PURE-RACE HYBRID (2017)
Artist Statement:
The Pure-Race Hybrid is a commentary on the construction of idealised beauty. The feminine beauty ideal refers to a shifting set of standards that dictate which traits are perceived as most attractive in women—standards that differ across cultures and eras but remain a near-universal pressure. In the West, ideals often include being thin and tall, with long hair, light or tanned skin, large breasts, wide eyes, a small nose, and high cheekbones.
This series interrogates these stereotypes by presenting beauty as a rigid “template” embedded in society. Drawing on the Golden Ratio (1.62)—a mathematical symmetry long associated with physical attractiveness—the portraits utilise geometric distortion to create faces that technically meet these standards, yet appear subtly alien.

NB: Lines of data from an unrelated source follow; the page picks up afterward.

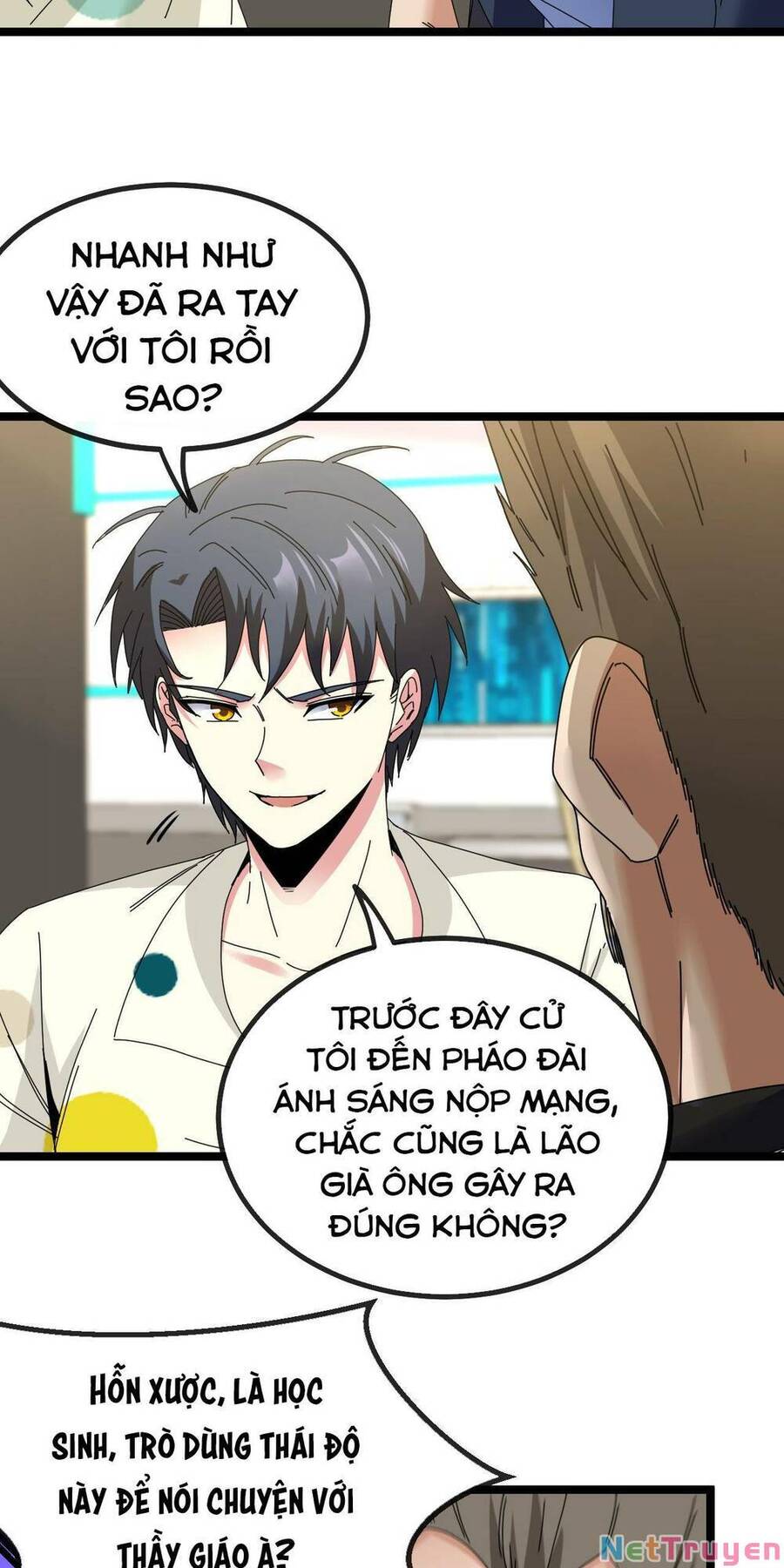 Trang 28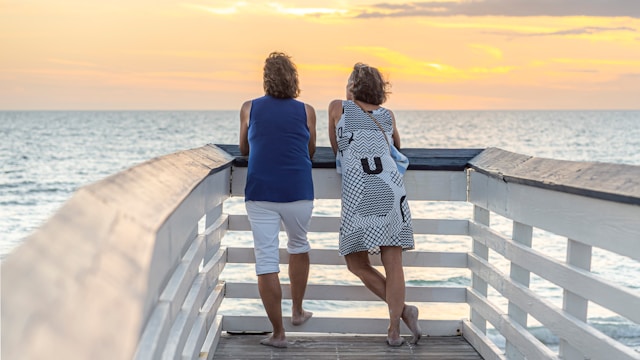 Grentonvallis programok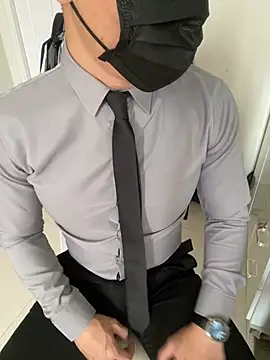 harrylouis1357 online show from 03.09.25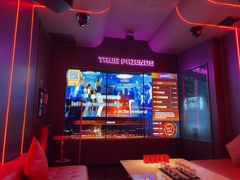 -星聚会KTV(龙湖上海奉贤天街店)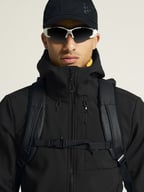 Miniatyrbilde 7 av Black Craft Adv Explore Softshell 2.0 Softshelljakke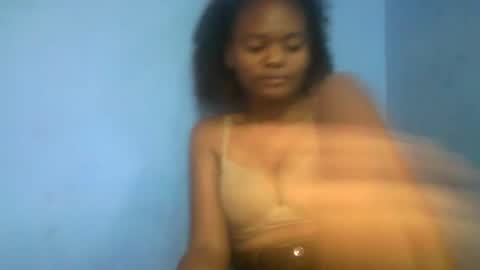 Snapshot of herisse01 chatting on 16, 3, 2026 herisse01 online show from 16, 3, 2026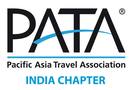 Delhi Airport Service Pvt Ltd verified as a Member of PATA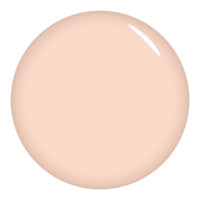 041M Color Gel GELGRAPH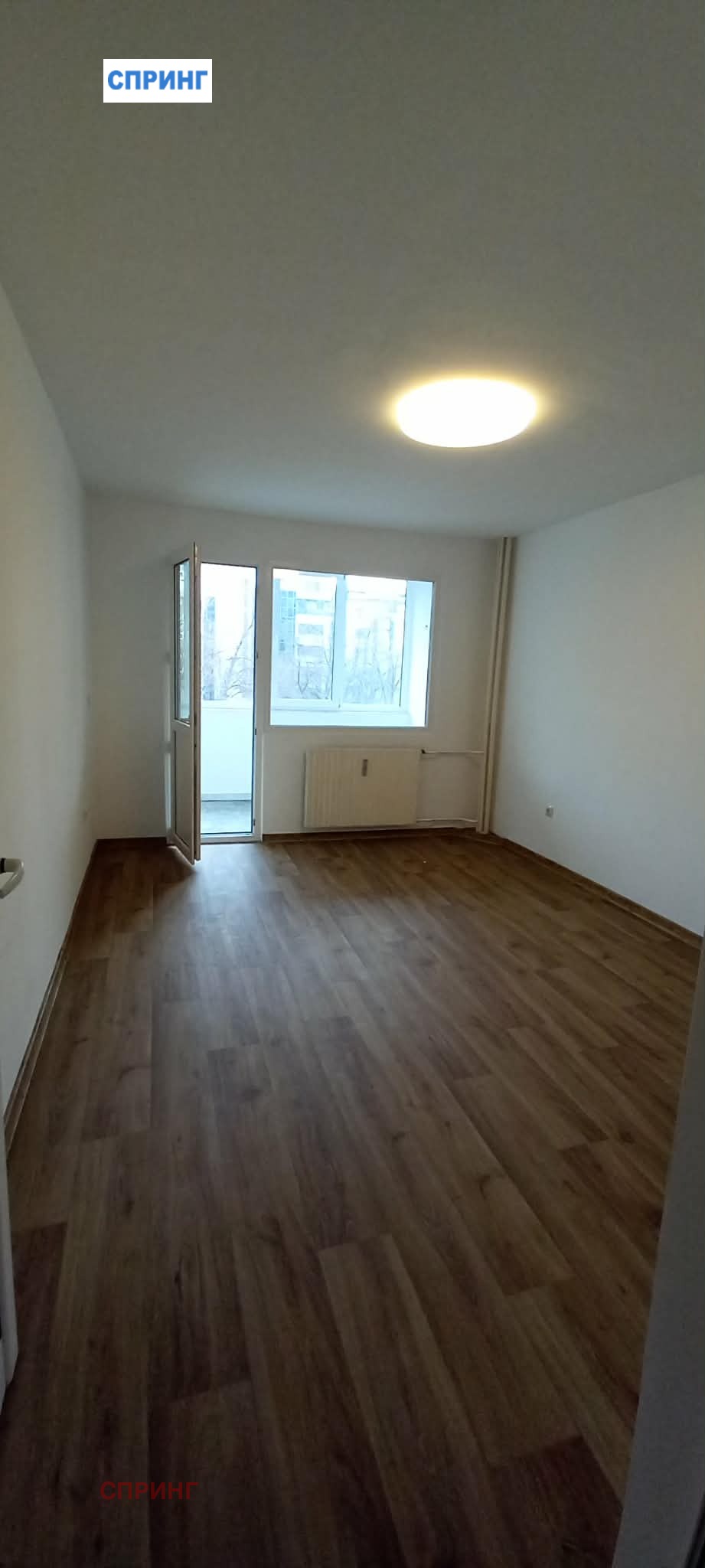 ���� ��� ���� 3-����� | Imot.bg � ����������� 11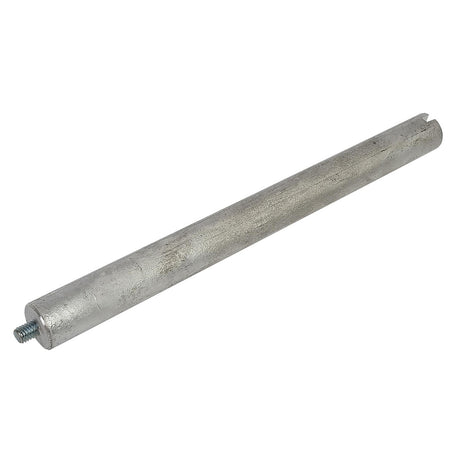 Quick - Magnesium Anode 200mm f/Water Heater — Quality Boat Parts
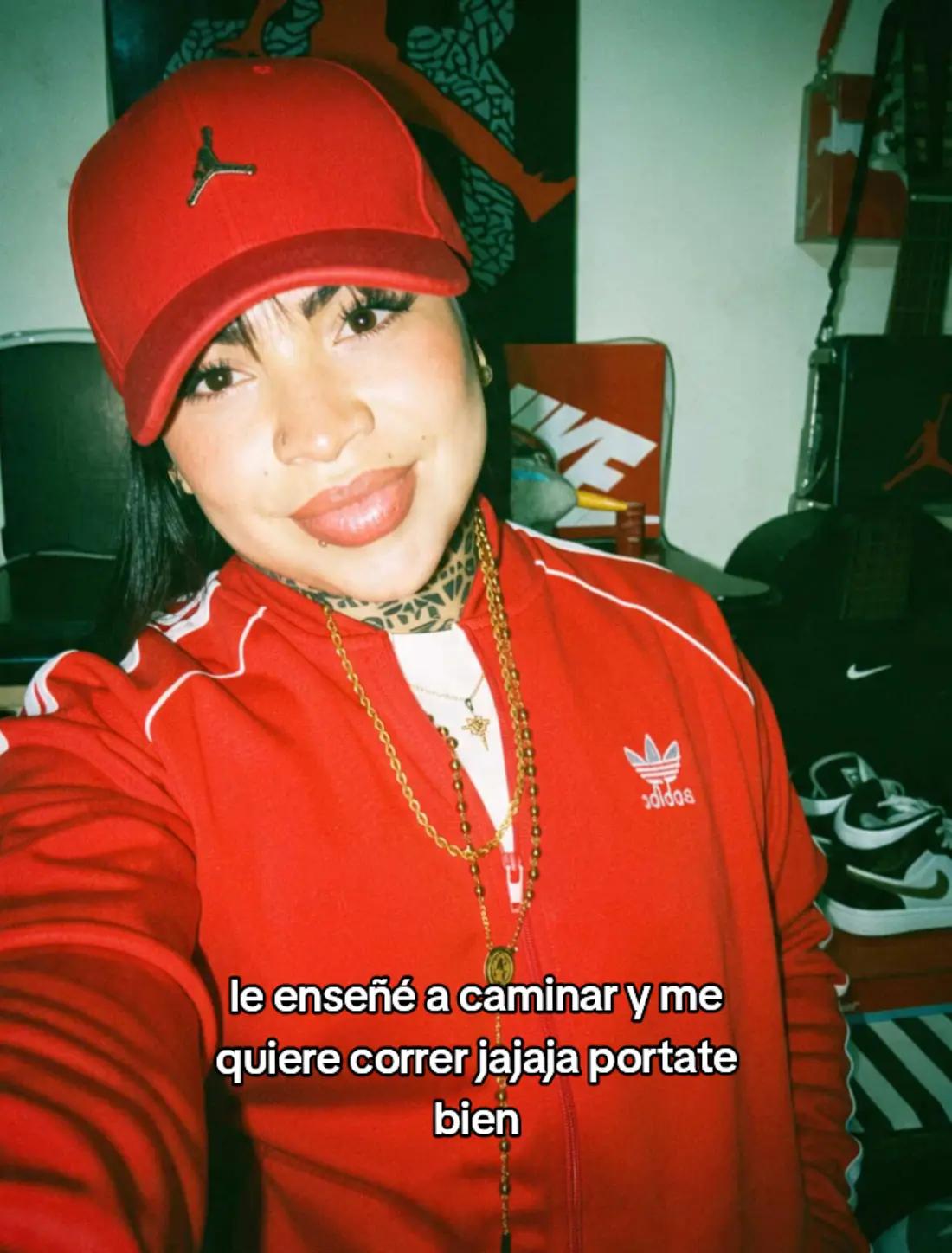 @MAY CREIZY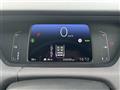 2020 Honda Fit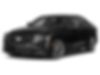 1G6DL5RP3P0410326-2023-cadillac-ct4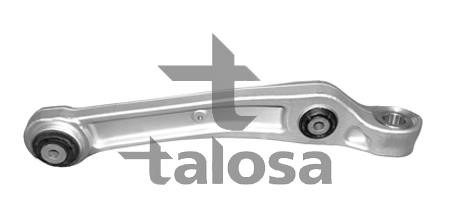 Talosa 46-11775 Track Control Arm 4611775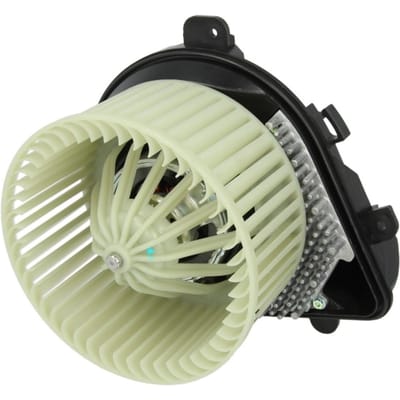 Interieurventilator THERMOTEC DDP004TT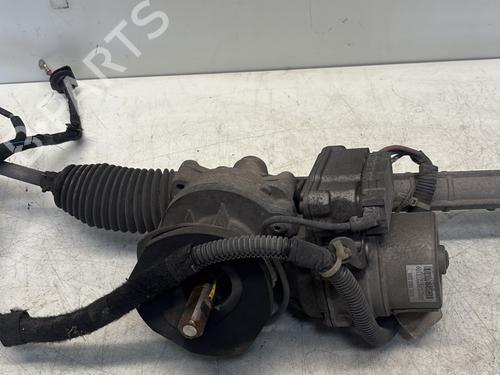 Steering rack PEUGEOT 208 I (CA_, CC_) 1.2 VTI 82 | BP29365462M22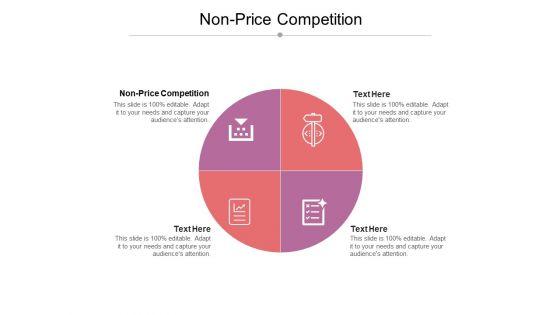 Non_Price_Competition_Ppt_PowerPoint_Presentation_Show_Diagrams_Cpb_Slide_1.jpg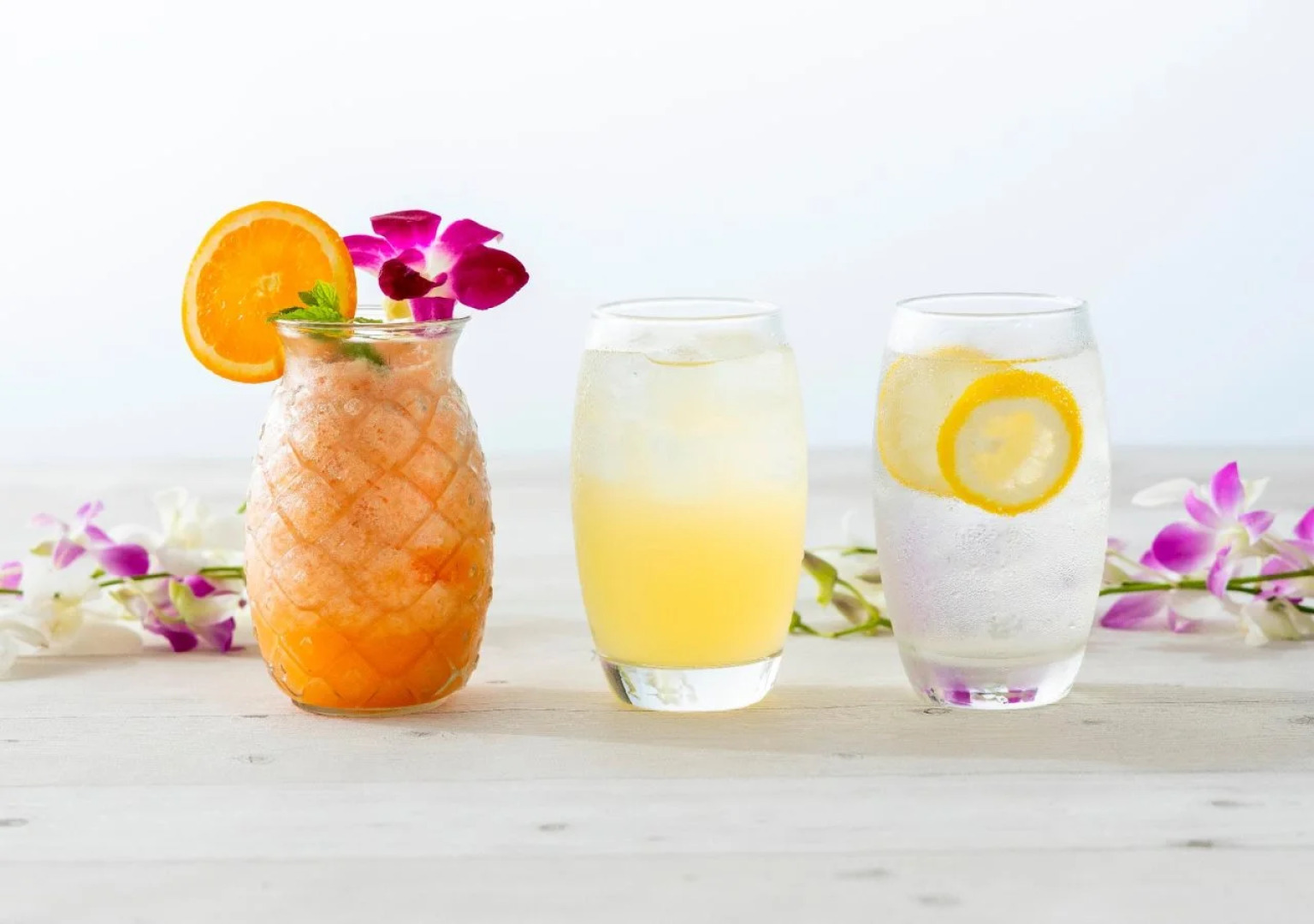 BEB5 Okinawa Seragaki by Hoshino Resorts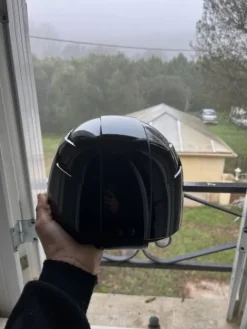 Sale Bombe little lady Homme Protections De Tête·Casques D'équitation|Tenue D'Équitation Homme·Casques Homme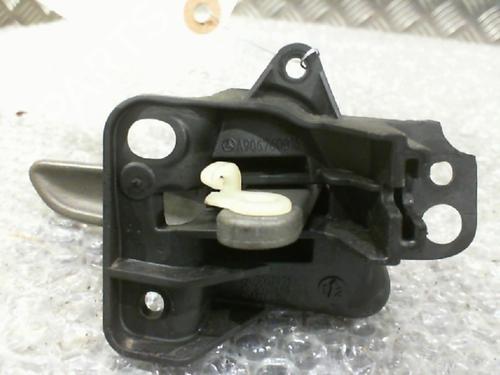 Front left interior door handle VW CRAFTER 30-50 Platform/Chassis (2F_) | BP24762313I13 - Image 2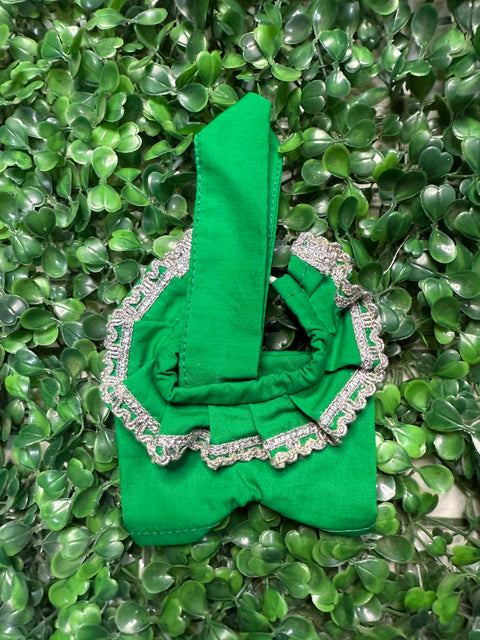 4 No. Laddu Gopal Dhoti ✔️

In doing so, the work highlights the fragility of beauty as a cultural construct: an ever-changing, fickle ideal that women are continually asked to embody. Across history, such standards have been dictated largely by male perspectives, shaping female identity through external expectations rather than lived realities.
The Pure-Race Hybrid seeks to expose the absurdity of these ideals, questioning the persistence of restrictive templates in contemporary society and challenging viewers to reconsider how beauty is defined, imposed, and internalised.